Evangelio (Mt 13, 18-23)

En aquel tiempo, dijo Jesús a sus discípulos:

“Escuchad, pues, vosotros la parábola del sembrador. A todo el que oye la palabra del Reino y no entiende, viene el Maligno y arrebata lo sembrado en su corazón: esto es lo sembrado junto al camino. Lo sembrado sobre terreno pedregoso es el que oye la palabra, y al momento la recibe con alegría; pero no tiene en sí raíz, sino que es inconstante y, al venir una tribulación o persecución por causa de la palabra, enseguida tropieza y cae. Lo sembrado entre espinos es el que oye la palabra, pero las preocupaciones de este mundo y la seducción de las riquezas ahogan la palabra y queda estéril. Y lo sembrado en buena tierra es el que oye la palabra y la entiende, y fructifica y produce el ciento, o el sesenta, o el treinta.


Comentario al Evangelio

La parábola del sembrador fue denominada por el papa Francisco como “la madre” de todas las parábolas, porque nos habla de dos cosas esenciales: de la escucha de la Palabra Divina, y de cómo funciona el corazón de Dios, que esparce su semilla en todas las personas sin distinción (cfr. Ángelus, 12 de julio de 2020).

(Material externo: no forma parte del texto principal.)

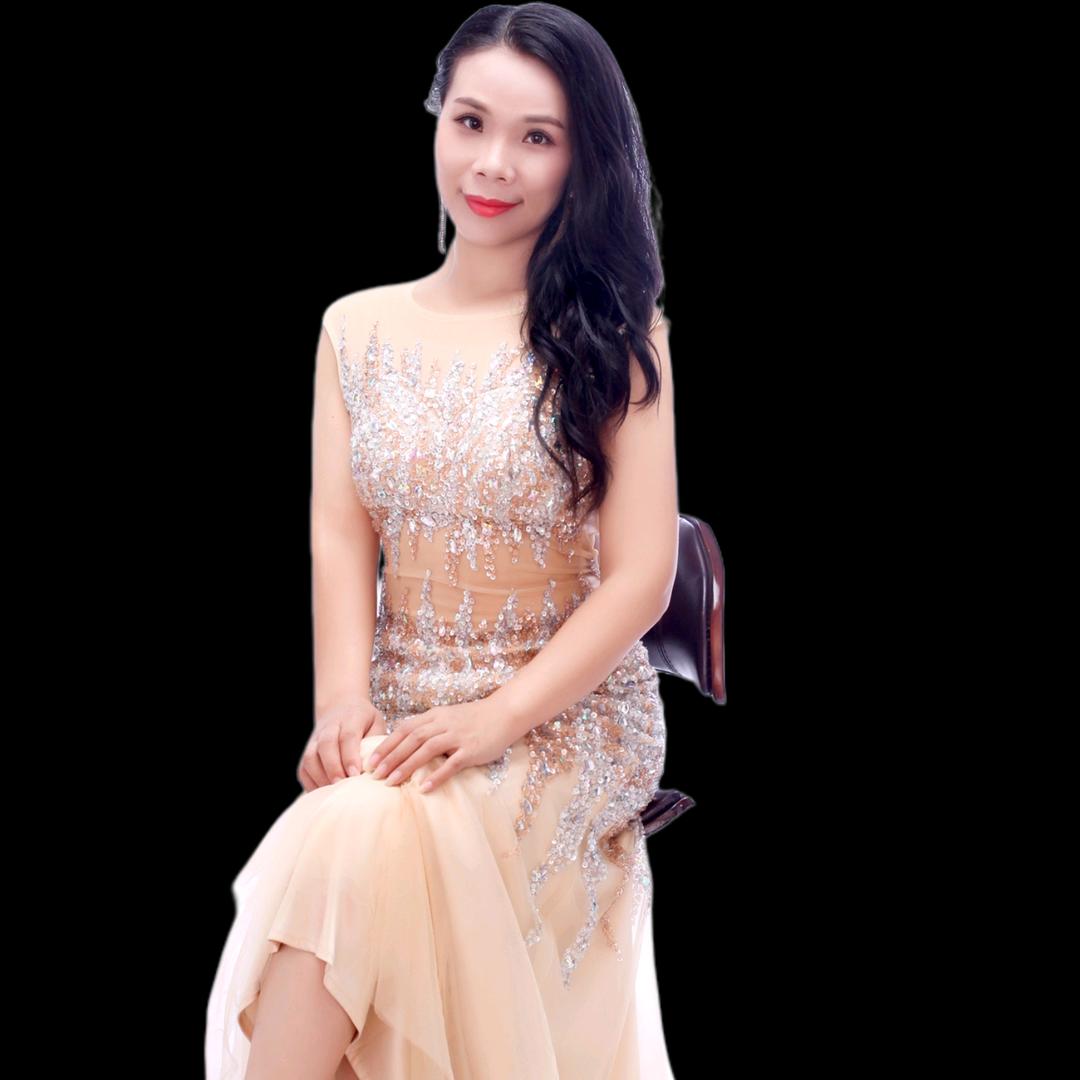 槐树关镇鹭跃幼儿园陈园长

Pero además, es una de esas parábolas en las que contamos no solo con su narración, sino también con una explicación ofrecida por el mismo Jesús. Él, a la vez que nos revela el corazón del Padre, nos permite asomarnos a nuestro propio corazón, con el deseo de predisponernos mejor y convertirnos en tierra fértil.

Como podemos notar, el Señor alerta sobre tres obstáculos que impiden el desarrollo armonioso de la semilla divina en nuestra alma: no entender, no tener raíz, vivir preocupado y seducido. Esos tres escenarios pueden terminar ahogando una Palabra que podía llenar nuestra vida de alegría, convirtiéndola en una vida estéril.

Primero, no entender. Evidentemente, Jesús no se refiere a la imposibilidad de abarcar los misterios divinos: por ejemplo, nunca entenderemos del todo la Santísima Trinidad. El Señor se refiere a la actitud interior. Si en nuestra vida falta la disposición a estudiar las cosas, a dedicar horas a conocer mejor la fe, a abrazar la fecundidad del silencio, difícilmente podremos dar el fruto esperado. Nos quedaremos en la superficialidad, en el ruido, en la ideología.

Segundo, no tener raíz. Es como el sueño que tuvo una vez san Josemaría: las personas que quieren ser santas, pero no tienen vida interior, van por el mundo inciertas, inseguras, como una persona que viaja en avión pero montada sobre las alas (cfr. Amigos de Dios, 18). Sin oración, sin la Eucaristía, sin sacramentos, sin piedad, no puede haber fruto.

Tercero, vivir preocupado y seducido. Tampoco los que queremos seguir a Cristo estamos exentos de la tentación de la vanidad, de la riqueza, del éxito, del lujo, del deseo de seguridad económica. Fácilmente podemos olvidar que el fruto de nuestro trabajo es para Dios, y que lo demás es polvo y ceniza.

Por eso, nada mejor que acudir al terreno fértil por excelencia: María Santísima. Ella, con su paciencia de Madre, podrá ir arrancando todo lo que en nuestra vida sea un estorbo para que la Palabra dé fruto. A veces dolerá, pero es necesario: no podemos olvidar que “si el grano de trigo no cae en tierra y muere, queda infecundo” (Juan 12, 24).